Kronsberg’s lawyer, Paul Berra of Lavley & Singer, said of the tree removal requirement in an interview with The Malibu Times Monday, “The foundation’s own consultants have informed regional planning that dozens of the Kronsberg’s oak trees will be destroyed or at least damaged. The foundation has no right to renovate their camp at the expense of the Kronsbergs or the environment,” he said.

However, Ralls said in an interview last week, “We don’t have any control over anything that is a requirement. We are upgrading the facility to meet relevant regulations on the property. There is a minimal impact to the trees. We haven’t got through the permit process and don’t know what they will allow.”

Although one of the possible effects from the camp’s expansion is on the Arroyo Sequit stream, home to the endangered steelhead trout that runs between the camp and the Kronsberg’s property, David Brown, conservation chairman of the Santa Monica Mountains Task Force, is most concerned about the camp burning down.
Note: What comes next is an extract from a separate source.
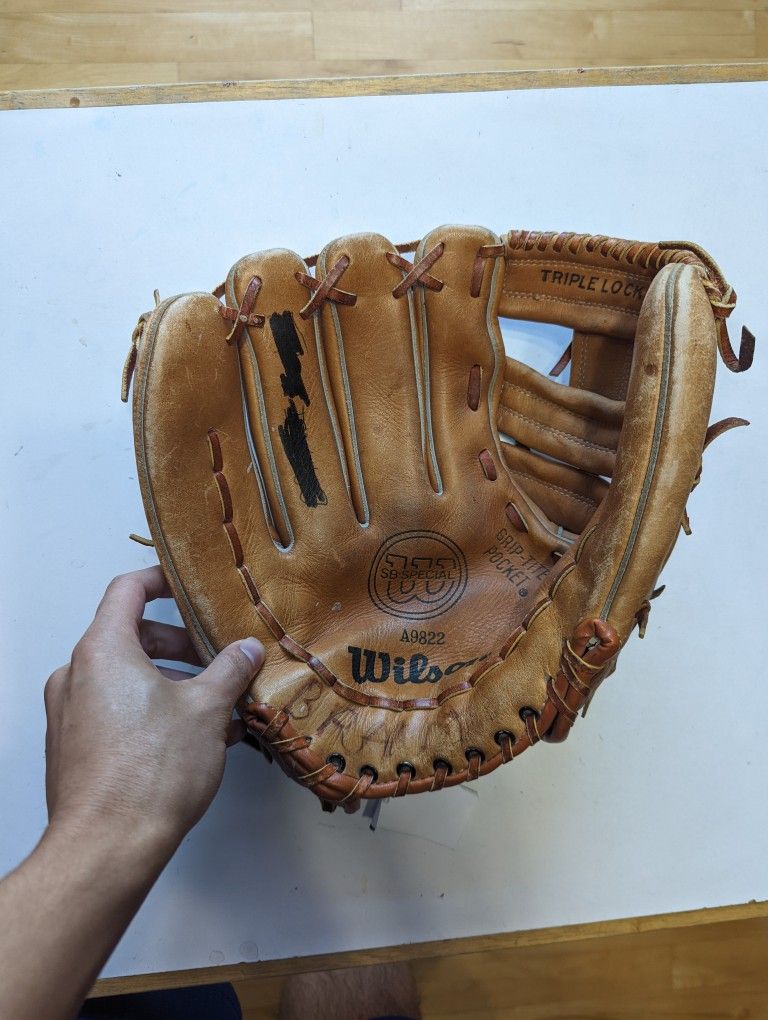 Wilson SB Special Left Hand Throw Leather Baseball Softball Glove A9822 LHT Size 11.5 Inches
“It was a bad planning decision to put the camp there in the first place,” he said. “They are located in a canyon and all it takes is one brush fire to blow into the camp, and many kids would not be able to escape,” he explained. However, he also said, “Widening the access road is an issue and I’m worried that this will damage the creek and the stream.”

Brown suggested that the camp be moved to avoid destroying any oaks trees and avoiding damage to the forest and stream.

Meanwhile, the relationship between the foundation and Kronsberg that used to be amicable- Kronsberg let the camp use his meadow for an obstacle course during Camp Bloomfield’s Summer Games and provided a projector for movie nights-has soured.

Kronsberg has not spoken with Ralls for a while. “I’ve lived here since 1979 and had a good relationship with the foundation until they tried to make a forced purchase of my land in 2001, citing eminent domain,” he explained.

As for Ralls, “Mr. Kronsberg has a right to his opinion,” he said, “We invited Mr. Kronsberg to give us feedback on the plans and we are inviting other neighbors to do the same. We’ve been up there for 50 years and have been wonderful neighbors to the environment.”

(The foundation’s attorney, George Mihlsten of law firm Latham & Watkins, could not be reached for this story.)